Teensy Spectrum Analyzer Has 170 Channels

While high-fidelity audio has come a long way in the past several decades, a lot of modern stereo equipment is still missing out on some of the old analog meters that were common on amplifiers and receivers of the 60s through the 80s. Things like VU meters don’t tend to be common anymore, but it is possible to build them back in to your sound system with the help of some microcontrollers. [Mark] shows us exactly how to reclaim some of the old-school functionality with this twin audio visualizer display.

Not only does this build include two displays, but the microcontroller is keeping up with 170 channels in real-time in order to drive the display. What’s more impressive is that it’s being done all on a Teensy 4.1. To help manage all of the data and keep the speed as fast as possible it uses external RAM soldered to the board, and a second Teensy audio board is used to do the real time FFT analysis.
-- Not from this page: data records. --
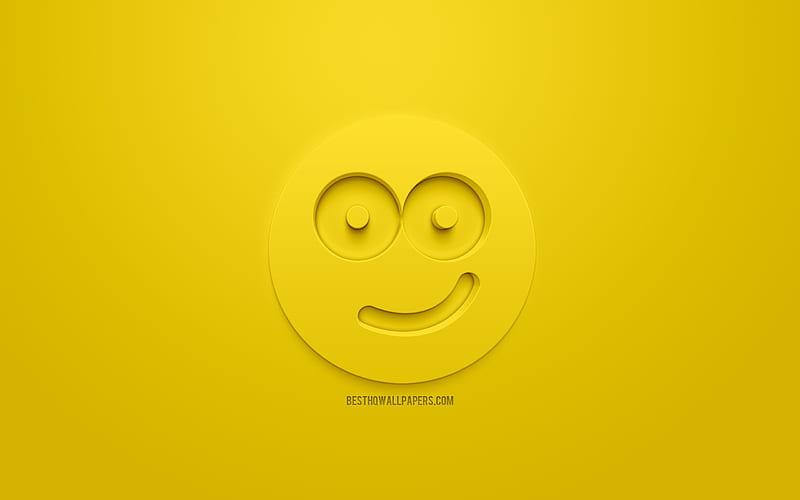 Smiling 3d icon, smiling faces icon, 3d art, emotions concepts, smiling 3d icons, happy face icon, 3d Smiley, raising mood, 3d smilies, yellow background, creative 3d art, emotions 3d icons, Be Happy, HD wallpaper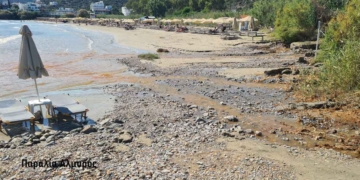 Η κακοκαιρία «έσκαψε» την παραλία Αλμυρός (βίντεο)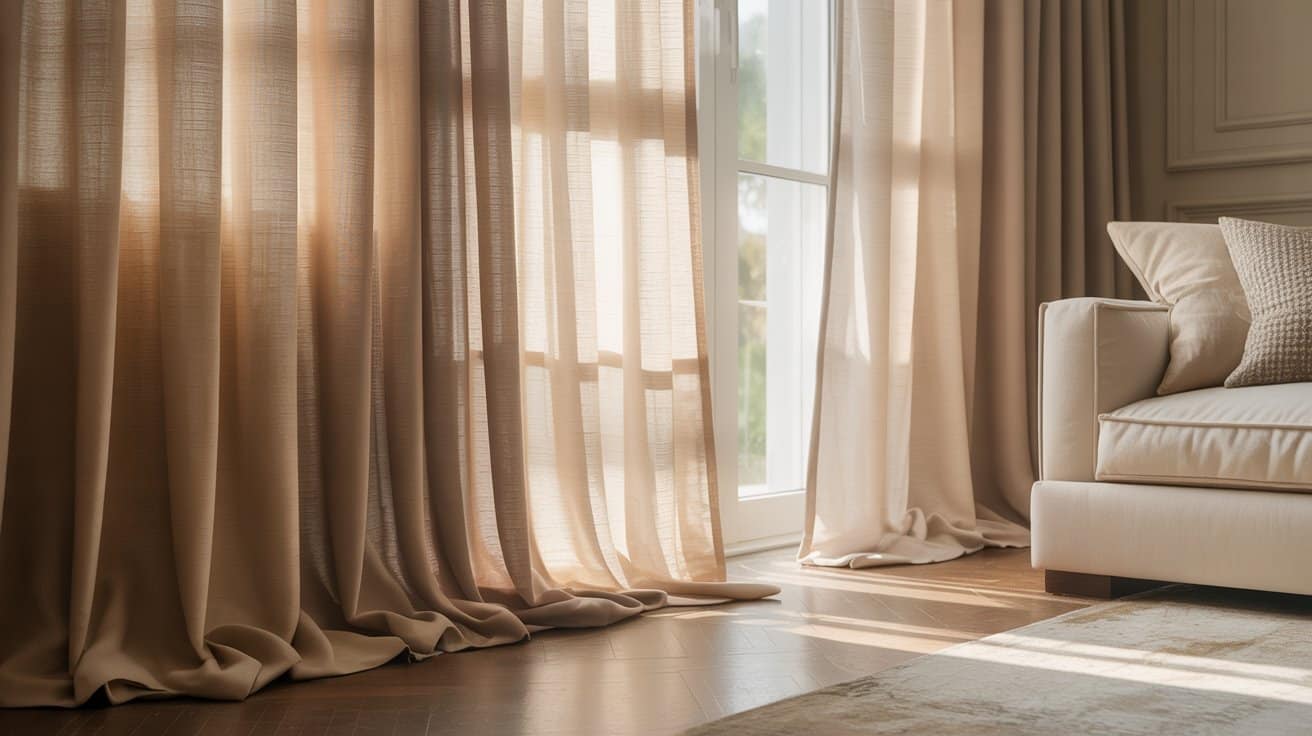 Living room window with curtains hung close to the ceiling, pooling slightly on the floor, creating a tall, elegant, and well-styled look.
Most of the channels are sent to the display hosting the spectrum analyzer but two are reserved for left and right stereo VU meters on the second display.

The project from [Mark] is originally based on this software from [DIYLAB] so everything is open-source. While it was originally built for a specific piece of hardware, [Mark] has it set up with a line in and line out plus a microphone input so it can be used for virtually any audio hardware now. For another take on the classic VU meter, take a look at this design based on an Arudino instead.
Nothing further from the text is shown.